İş güvencesinin önemli unsurlarından biri, sendikaya üyelik ve sendikal çalışmalara katılma durumunda işçinin iş güvencesinin olmasıdır.

5018 SAYILI İŞÇİ VE İŞVEREN SENDİKALARI VE SENDİKA BİRLİKLERİ HAKKINDA KANUN İLE 274 SAYILI SENDİKALAR KANUNUNDA SENDİKAL GÜVENCE

TEKGIDA-İŞ SENDİKA AKADEMİSİ

5018 VE 3008 SAYILI KANUNLARDA SENDİKAL GÜVENCE

20.2.1947 gün ve 5018 sayılı İşçi ve İşveren Sendikaları ve Sendika Birlikleri Hakkında Kanun, 26.2.1947 günü Resmi Gazete’de yayımlandı ve aynı gün yürürlüğe girdi.

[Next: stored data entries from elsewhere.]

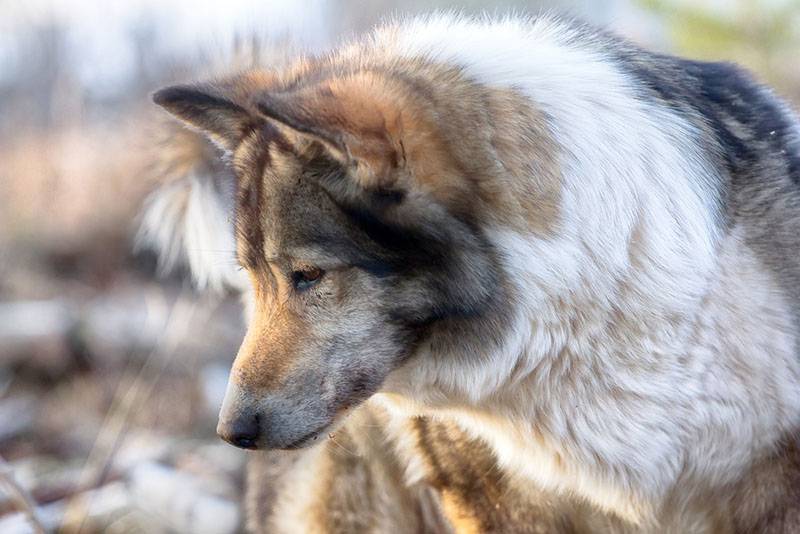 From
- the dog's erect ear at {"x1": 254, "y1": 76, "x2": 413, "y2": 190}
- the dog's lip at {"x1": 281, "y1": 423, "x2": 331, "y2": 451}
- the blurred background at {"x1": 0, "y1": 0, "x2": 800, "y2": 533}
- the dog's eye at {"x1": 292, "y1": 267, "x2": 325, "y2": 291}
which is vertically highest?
the dog's erect ear at {"x1": 254, "y1": 76, "x2": 413, "y2": 190}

5018 sayılı Kanunda sendika üyelerinin sendikal faaliyeti konusundaki güvence, negatif ve pozitif sendika özgürlüğünü kapsayacak biçimde, şu şekilde düzenlenmişti: M.9. “Hiçbir kimse, herhangi bir sendikaya üye olmaya veya olmamaya veyahut üyelikten çekilmeye veya çekilmemeye zorlanamaz.”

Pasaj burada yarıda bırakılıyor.